Komentar-komentar Rasyid itulah yang mungkin membuat Sulaisi hilang sabarnya dan kemudian mengambil celah kesalahan cara bernalar Rasyid dalam memahami hukum acara sebagai kesempatan untuk menjatuhkan Rasyid pada level terendah, yaitu dengan menyebutnya Pengamat Kopler.

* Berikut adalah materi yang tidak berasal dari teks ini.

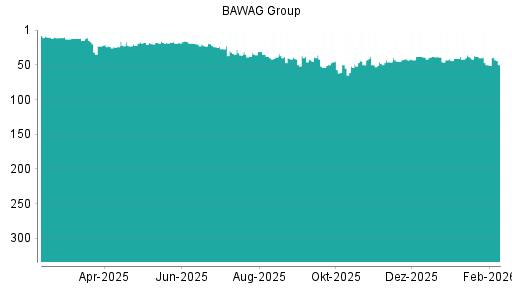 BOTSI®-Advisor Hochstufung BAWAG Group von Rang 50 auf ...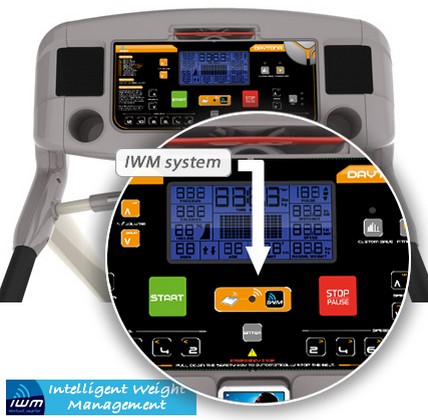 An Intelligent Weight Management system calculates your healthy weight, based on BMI results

Yach, Rasyid jatuh sedalam-dalamnya dengan dilumuri lumpur. Titel Rasyid sebagai pengamat Kopler menjadi masuk akal dan dapat diterima. Sebab bagi siapapun yang memahami hukum acara, sekalipun seumpama ada jaksa dalam Pra peradilan tapi putusannya tidak dapat dihubungkan dengan pokok perkara.
Apalagi, dalam perkara Pra yang diajukan Sulaisi, tidak ada jaksanya. Melainkan hanya ada Sulaisi sebagai Pemohon, Penyidik Polda Jatim sebagai Termohon, dan Hakim Tunggal sebagai pemutus.
Apa Kopler? Kamus Besar Bahasa Indonesia tidak mengenal istilah ini tapi lazim ditemukan dalam pergaulan masyarakat sehari-hari. Kopler merujuk pada 2 situasi: (1) Lucu dan (2) Idiot. Jadi, Pengamat Kopler pengertian dan maksudnya berayun di antara 2 kemungkinan itu. Kalau tidak lucu, ya idiot.
Lalu, Rasyid Nahdyin masuk dalam pengertian yang mana? “Pengamat Lucu”, ataukah “Pengamat Idiot”? Hanya Sulaisi yang tau. Tapi bagi saya, keduanya tidak ada yang enak. Baik lucu maupun idiot, sama-sama bermakna melecehkan.